Monday, April 28, 2014
Illustrator: Daniel LaFrance
Info: Annick Press, copyright 2013, 176 pages
#HubChallenge Best Graphic Novels
A review in 10 words (or thereabouts): There is fear in the hearts of the children of Uganda and hope in the darkness that freedom is possible.
This is the graphic novel edition of Sharon McKay's novel set in Uganda, where Joseph Kony’s Lord’s Resistance Army (LRA) has, since 1987, abducted up to 30,000 children from their villages and homes for use as soldiers and slaves. It is in these nightmarish times that the fates of 5 boys and a girl are entwined. Captured from their school by the LRA, the boys wait for rescue only to discover that if they are to survive they must rely on themselves. But friendship, courage, and resilience might not be enough to save them. Based in part upon interviews with child soldiers in Northern Uganda, War Brothers is a stunning depiction of the human cost of wars fought by children.
I've heard stories of Joseph Kony and the Invisible Children. I've seen movies that show the horrors of young boys and girls wielding guns and spouting hatred. And it's unbelievably horribly. Sharon McKay brings a new face to the story. She brings a hope that you don't usually see in newscasts. In War Brothers, a school is invaded by LRA soldiers and the students are taken captive. It's immediately obvious that the soldiers know how to manipulate and intimidate, seeking out the weakest and breaking them until there is blood on their hands. One boy resists. He remains determined and steadfast, protecting friendships and believing that freedom will come one day.

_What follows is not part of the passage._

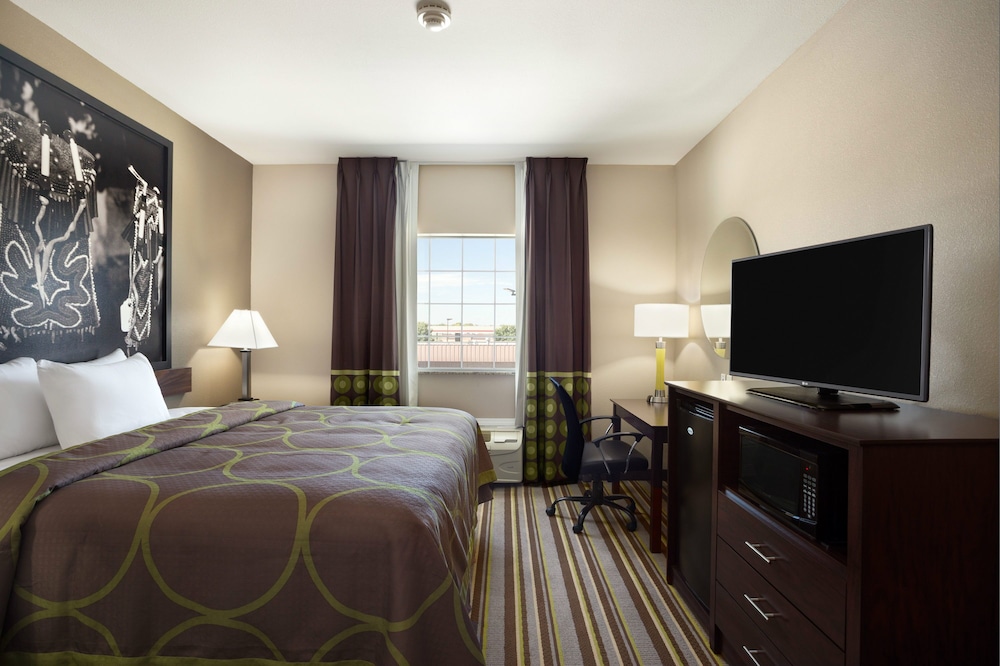 Super 8 by Wyndham Bakersfield South CA - photo 13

For many it doesn't, and the consequences are deadly. But for the few that do, a new war stands in their way. A war of guilt and disgrace. That's what McKay does best. She shows the fear that these free children face and the persecution against them for circumstances beyond their control.
It's a terrible story, but a beautifully made graphic novel. The artwork is impressive and the personal letters at the beginning and end of the story put a human face on the story itself.
A must read that definitely deserves a spot on the YALSA list of great graphic novels.